### [Your task]
All of the records should be restated word for word.

### [Source data]

☆ ☆ ☆ ☆

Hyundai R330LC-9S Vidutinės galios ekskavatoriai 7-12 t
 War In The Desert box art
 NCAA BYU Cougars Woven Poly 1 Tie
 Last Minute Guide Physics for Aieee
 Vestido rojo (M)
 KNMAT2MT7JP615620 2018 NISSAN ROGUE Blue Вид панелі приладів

☆ ☆ ☆ ☆

### [Result]
Hyundai R330LC-9S Vidutinės galios ekskavatoriai 7-12 t
 War In The Desert box art
 NCAA BYU Cougars Woven Poly 1 Tie
 Last Minute Guide Physics for Aieee
 Vestido rojo (M)
 KNMAT2MT7JP615620 2018 NISSAN ROGUE Blue Вид панелі приладів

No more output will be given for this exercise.